● Assigned task
All the data must be output exactly as given.

● Supplied information
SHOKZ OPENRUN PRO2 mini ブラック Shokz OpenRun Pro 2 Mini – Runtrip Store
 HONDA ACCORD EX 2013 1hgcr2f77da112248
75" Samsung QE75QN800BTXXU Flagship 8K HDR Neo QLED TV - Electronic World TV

● Exercise solution
SHOKZ OPENRUN PRO2 mini ブラック Shokz OpenRun Pro 2 Mini – Runtrip Store
 HONDA ACCORD EX 2013 1hgcr2f77da112248
75" Samsung QE75QN800BTXXU Flagship 8K HDR Neo QLED TV - Electronic World TV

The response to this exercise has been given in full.